The highlights of the novel are its realistic setting, descriptions, and characters. This is a ripping good sea adventure, with billowing sails and cryptic cartography and 4-ton shooters. Never for a minute was I bored by the descriptions, and reckon I even appreciated more this time around as a more mature reader than I did the first time when I was liable to skim. It must be stated, though, that the battle scenes will be quite gruesome for some readers, so prepare yourselves if need be; but this was not an era of haloed daisies and bunny rabbits. And of the secondary characters, some fictional, some historical, each are memorable without being forcedly quirky and are entirely suitable for the historical era in which they live.
Simon and Beau are also good characters, complex and intriguing. Simon is a half-French half-English aristocrat and, after his first wife bore children by two other men while he was away at sea, has good reason to mistrust women.

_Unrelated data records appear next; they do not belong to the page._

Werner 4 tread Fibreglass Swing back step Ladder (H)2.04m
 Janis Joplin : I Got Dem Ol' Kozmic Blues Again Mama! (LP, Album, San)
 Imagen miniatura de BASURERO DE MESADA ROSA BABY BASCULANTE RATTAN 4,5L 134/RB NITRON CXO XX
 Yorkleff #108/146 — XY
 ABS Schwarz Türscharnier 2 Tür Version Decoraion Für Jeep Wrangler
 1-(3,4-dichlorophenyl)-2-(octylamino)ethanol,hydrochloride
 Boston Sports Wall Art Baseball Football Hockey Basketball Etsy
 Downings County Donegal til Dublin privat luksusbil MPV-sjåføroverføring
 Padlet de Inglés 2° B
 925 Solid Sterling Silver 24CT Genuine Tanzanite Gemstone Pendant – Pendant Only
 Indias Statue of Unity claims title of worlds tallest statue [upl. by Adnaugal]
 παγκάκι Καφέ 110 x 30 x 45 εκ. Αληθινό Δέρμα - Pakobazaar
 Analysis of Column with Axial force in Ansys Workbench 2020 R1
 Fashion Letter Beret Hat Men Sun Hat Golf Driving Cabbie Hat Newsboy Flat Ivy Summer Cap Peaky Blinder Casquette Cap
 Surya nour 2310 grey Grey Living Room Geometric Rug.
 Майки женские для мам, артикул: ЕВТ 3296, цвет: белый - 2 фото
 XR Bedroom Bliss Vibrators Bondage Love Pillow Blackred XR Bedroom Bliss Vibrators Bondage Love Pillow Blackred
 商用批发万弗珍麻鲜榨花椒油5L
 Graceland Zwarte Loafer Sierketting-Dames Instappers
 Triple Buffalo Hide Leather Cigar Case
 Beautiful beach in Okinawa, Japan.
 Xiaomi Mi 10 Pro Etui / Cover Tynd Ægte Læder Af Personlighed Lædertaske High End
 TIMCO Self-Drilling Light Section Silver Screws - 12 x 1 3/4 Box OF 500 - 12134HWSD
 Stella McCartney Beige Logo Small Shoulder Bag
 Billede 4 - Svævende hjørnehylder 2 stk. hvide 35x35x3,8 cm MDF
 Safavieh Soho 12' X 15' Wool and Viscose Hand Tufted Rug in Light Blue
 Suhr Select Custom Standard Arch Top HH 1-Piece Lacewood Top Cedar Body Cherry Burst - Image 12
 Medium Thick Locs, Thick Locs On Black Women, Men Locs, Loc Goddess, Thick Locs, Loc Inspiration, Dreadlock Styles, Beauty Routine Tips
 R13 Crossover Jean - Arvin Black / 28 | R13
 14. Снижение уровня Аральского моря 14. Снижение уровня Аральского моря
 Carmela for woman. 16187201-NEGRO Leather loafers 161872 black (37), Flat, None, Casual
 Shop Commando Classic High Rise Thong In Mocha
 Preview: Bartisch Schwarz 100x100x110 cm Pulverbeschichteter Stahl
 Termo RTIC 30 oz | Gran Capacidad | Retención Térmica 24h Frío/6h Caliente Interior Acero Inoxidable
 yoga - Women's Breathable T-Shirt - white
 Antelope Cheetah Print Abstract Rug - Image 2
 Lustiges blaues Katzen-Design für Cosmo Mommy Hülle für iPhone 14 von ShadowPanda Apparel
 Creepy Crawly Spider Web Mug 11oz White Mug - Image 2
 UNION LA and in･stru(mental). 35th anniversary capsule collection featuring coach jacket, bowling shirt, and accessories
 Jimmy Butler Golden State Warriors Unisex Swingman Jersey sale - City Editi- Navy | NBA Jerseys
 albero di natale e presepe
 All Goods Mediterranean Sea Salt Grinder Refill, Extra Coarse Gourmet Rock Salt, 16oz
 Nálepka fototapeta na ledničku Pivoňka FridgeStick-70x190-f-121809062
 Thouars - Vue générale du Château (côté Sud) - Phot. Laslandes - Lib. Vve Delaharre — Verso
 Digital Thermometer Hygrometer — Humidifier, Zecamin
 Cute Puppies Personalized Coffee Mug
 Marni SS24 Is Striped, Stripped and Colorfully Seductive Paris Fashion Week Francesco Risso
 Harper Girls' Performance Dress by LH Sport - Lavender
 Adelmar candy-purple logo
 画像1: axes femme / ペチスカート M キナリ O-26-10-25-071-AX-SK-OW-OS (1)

Yet, refreshingly enough, he doesn’t adopt the all-women-are-whores attitude, and instead is the first to surrender his emotions to Beau, who is unlike any woman he has ever known. Face it, you’d remember the woman who had a knife to your balls while you had one at her throat.
Beau has a slightly steeper hill to climb, having to reconcile her desires with a genuine lack of self-confidence regarding her femininity and desirability. She was hurt before by a nobleman who thought she was good to bed but not to wed, and has since kept her distance from men. But this aristocrat, with his beastly air and darkling glare (ohno! A rhyme!) is nothing like the poncey prig she knew before, and Beau has to be convinced that Simon is sincere.
Despite all these positive attributes, this time around I noticed that Simon and Beau’s relationship was not as developed as I’d have wished. I’m not 100% convinced of their love – what, exactly, do they have? Lust, admiration, lust, and at the very end, respect (and lust), which all equate to love. ‘Spose it might do, in some books, but not in mine. The development to love could have used more page time, and, after all the excellent showing Ms. Canham had done, the resort to telling at the end left me a little disappointed.
However, Across a Moonlit Sea is still a darn good yarn (and this is my last venture into poeticism). I loved the setting, loved the secondary characters, and almost loved the main characters, too. What more can you ask for? For Marsha Canham to come out of retirement, is the answer.